## Work task
Exactly the lines from the one with "Asics Gel-venture Black" through the end of the data below must be set down, and no pictures with them.

Data excerpts
···
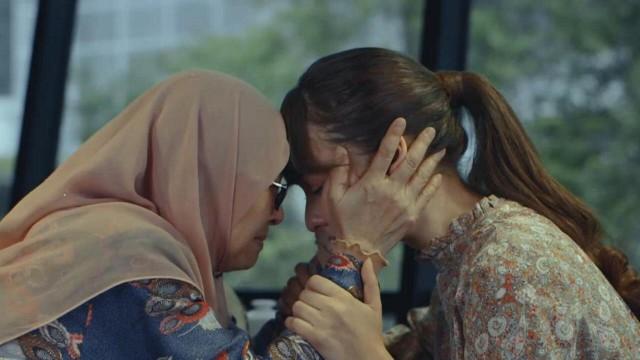Syurga Itu Bukan Mudah Ep12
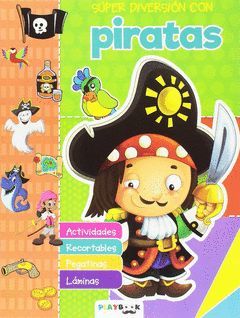 PIRATAS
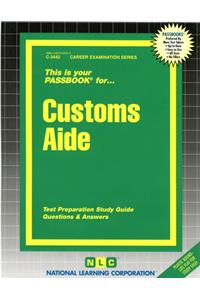 Customs Aide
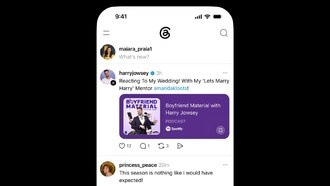 Threads запускает инструменты для продвижения подкастов и взаимодействия со слушателями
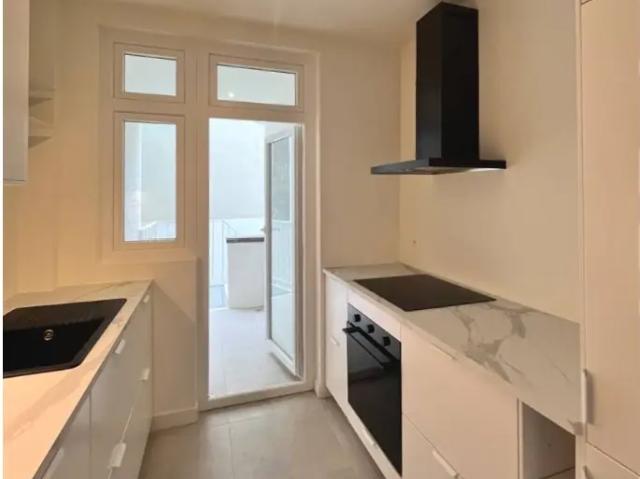 à vendre Appartement Berchem Jupiterstraat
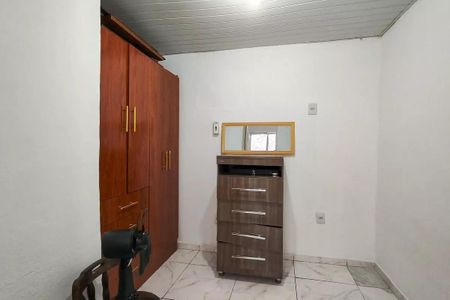 Quarto de casa de condomínio para alugar com 2 quartos, 90m² em Portal dos Gramados, Guarulhos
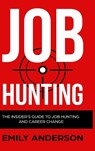 Job Hunting - Hardcover Version - Emily Anderson - 9781914513275
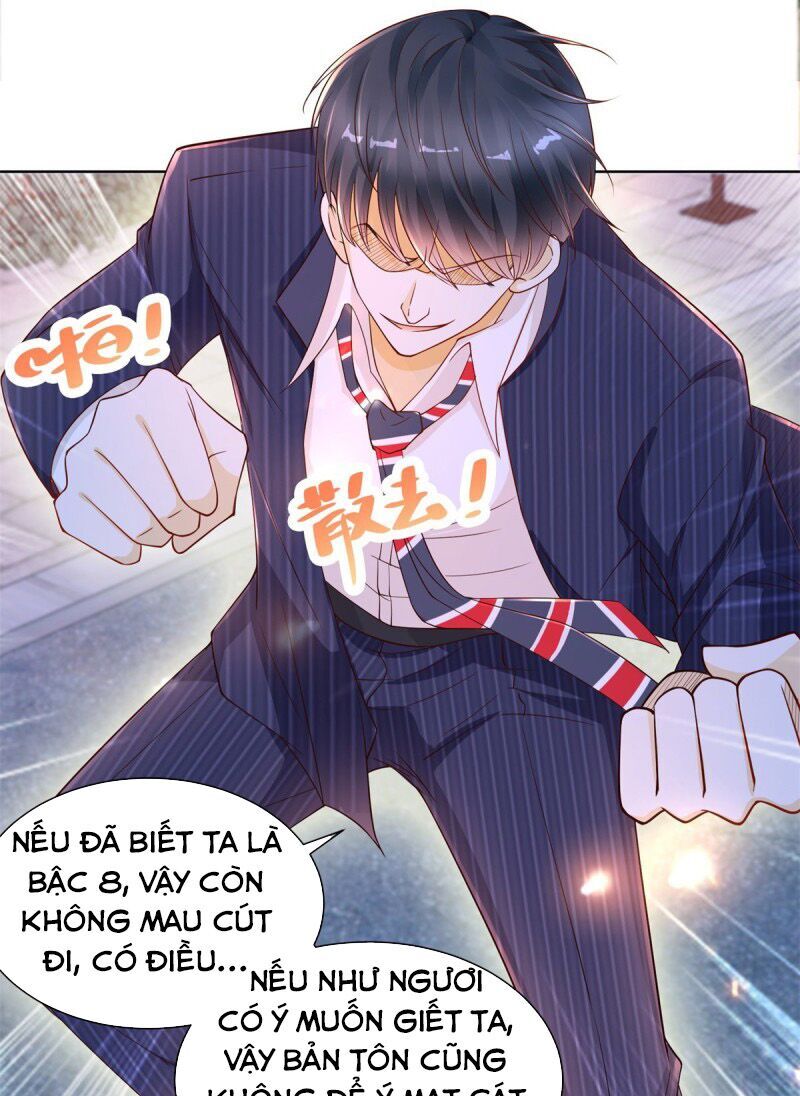 Trọng Sinh Chi Thần Đế Trở Về: Chapter 5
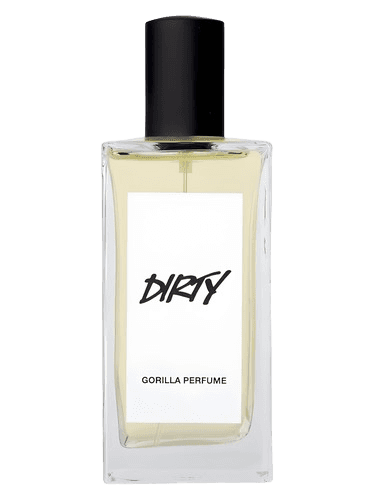 Lush Dirty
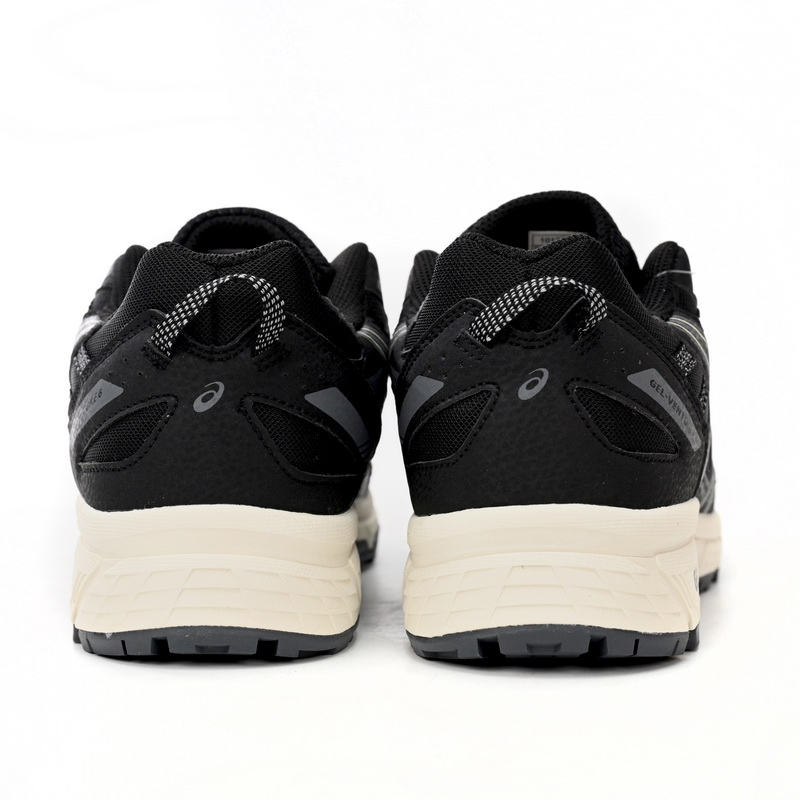 Asics Gel-venture Black Ash Sneakers      1012B359-003 - DopestKickz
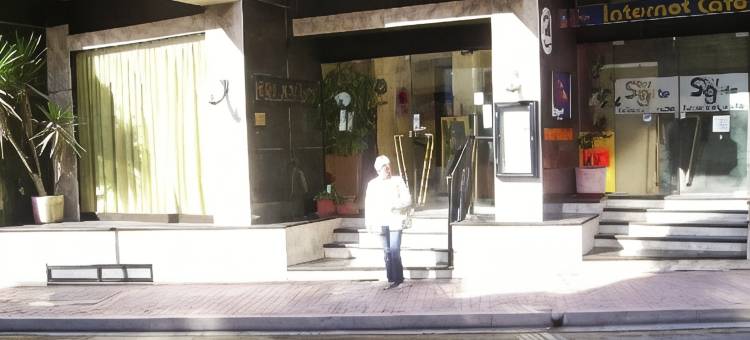 休闲酒店(Relax Inn Hotel)图片
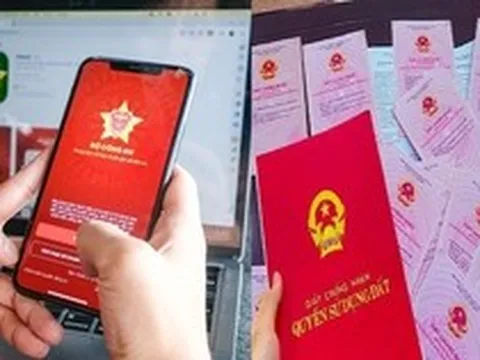 Thông tin quan trọng về sổ đỏ, tất cả người dân cần biết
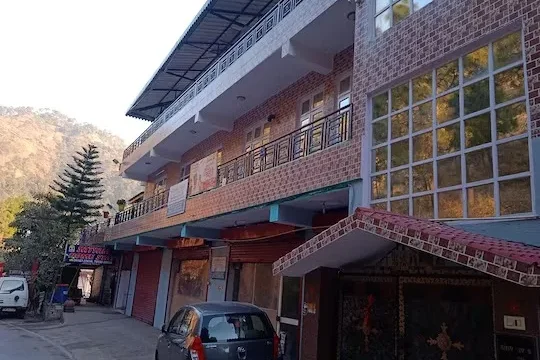 Satyam Home Stay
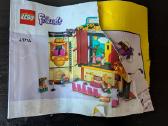 Lego rinkinys ~2.5 kg, Marvel (Thanos) ir Friends - nuotraukos Nr. 4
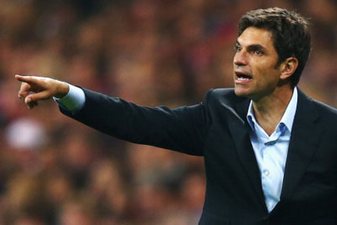 Маурисио Пеллегрино, soccerway.com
···
## Exercise result
 Asics Gel-venture Black Ash Sneakers      1012B359-003 - DopestKickz
 休闲酒店(Relax Inn Hotel)图片
 Thông tin quan trọng về sổ đỏ, tất cả người dân cần biết
 Satyam Home Stay
 Lego rinkinys ~2.5 kg, Marvel (Thanos) ir Friends - nuotraukos Nr. 4
 Маурисио Пеллегрино, soccerway.com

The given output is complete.